8 avril 2014

Il y a 100 ans : Madagascar ou Paraguay? (2)

(Suite.)
Les jésuites ne n’entêtèrent pas : ils dressèrent dans l’enclos, à côté de la Vierge, un fady semblable à celui d’en face. C’est cette association de l’Immaculée et du symbole phallique que montre ma photographie.
Il paraît que la combinaison a en partie réussi : les pèlerines suivent d’abord le cérémonial nécessaire pour vaincre la stérilité et la Vierge, de cette dévotion relative, prend ce qui reste.
Par l’ancienneté de leurs établissements, l’importance de leurs propriétés, la complaisance excessive de certains administrateurs, par leur tolérance en matière de dogme et de mœurs, les jésuites ont acquis sur les habitants une influence considérable. Ils se considèrent comme des sortes de féodaux et cet état d’esprit explique, si étonnant qu’ils paraissent, les faits que je vais rapporter.

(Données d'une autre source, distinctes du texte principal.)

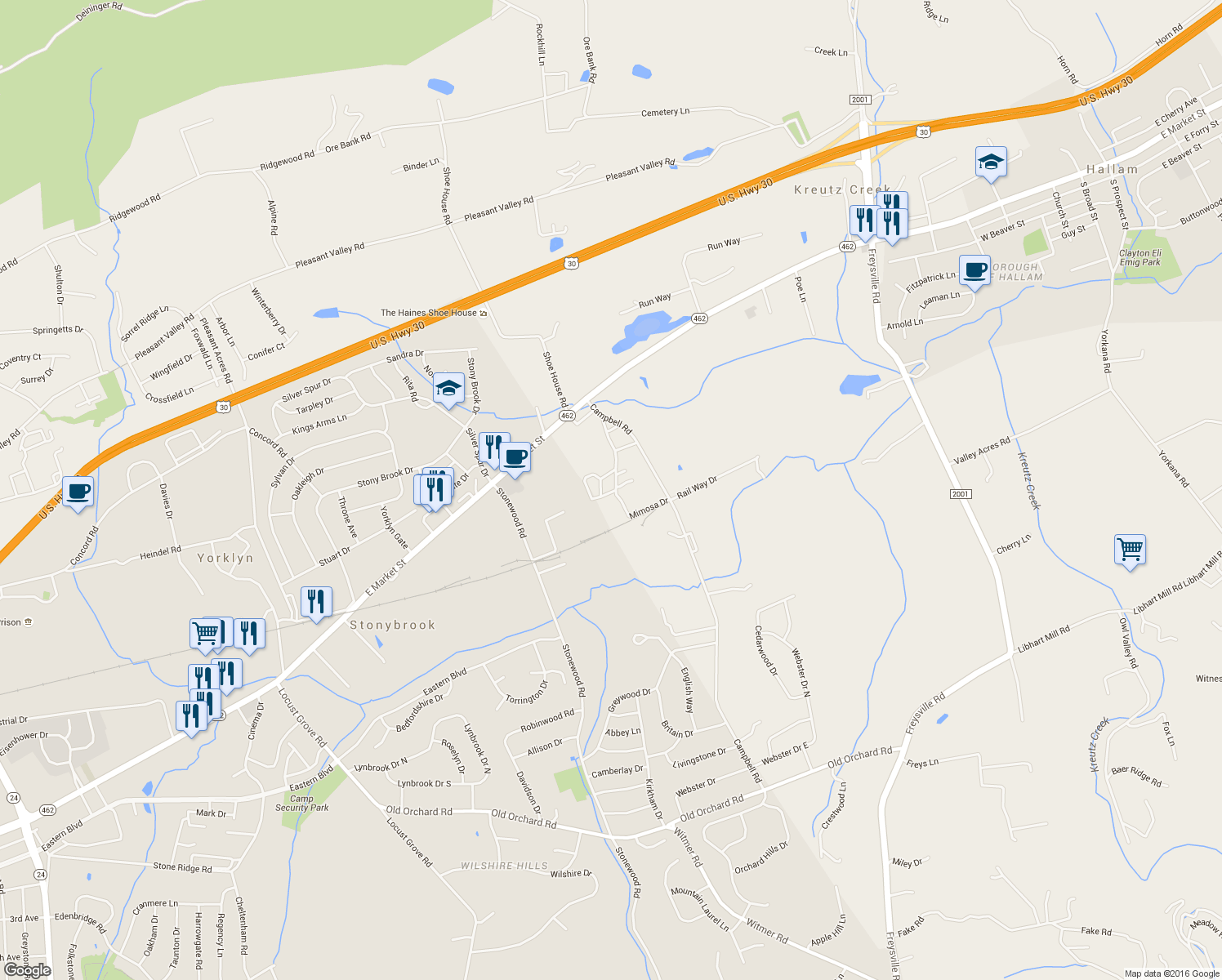 map of restaurants, bars, coffee shops, grocery stores, and more near 505 Sage Drive in York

Ayant besoin de bois pour construire des ponts, le chef du poste de Fanjakana ordonna, certains jours, aux indigènes, de couper les arbres dans la forêt. À peine au travail, ils se trouvèrent en face du Père… (nommons-le X…, pour ne pas nous attirer quelque fâcheuse affaire), très influent, depuis longtemps à la tête de la mission. Le chef de poste, informé, étudie la carte et, convaincu que le bois est propriété domaniale, que la mission ne possède sur lui aucun droit, réitère ses ordres ; les indigènes se mettent en devoir de les exécuter. De nouveau, le Père X… se dresse devant eux, injurieux, violent, et, pour les obliger à cesser le travail, les menace avec un pistolet.
Le chef du district dépose une plainte contre le jésuite.
Que pensez-vous qu’il advint ? En France, le doux pasteur eût été poursuivi pour menaces de mort et au moins pour port d’arme prohibée. À Madagascar règne un régime tout différent. Le Gouverneur général ne transmit pas la plainte au Parquet, il la communiqua à – je vous le donne en mille – à Mgr de Saulnes, jésuite, coadjuteur d’un autre jésuite, l’évêque de Tananarive, Mgr Cazet.
L’affaire était soustraite à la juridiction de droit commun ; elle devenait administrative, inter-administrative, veux-je dire : l’administration du Gouverneur général passait le dossier à l’administration de la Compagnie de Jésus.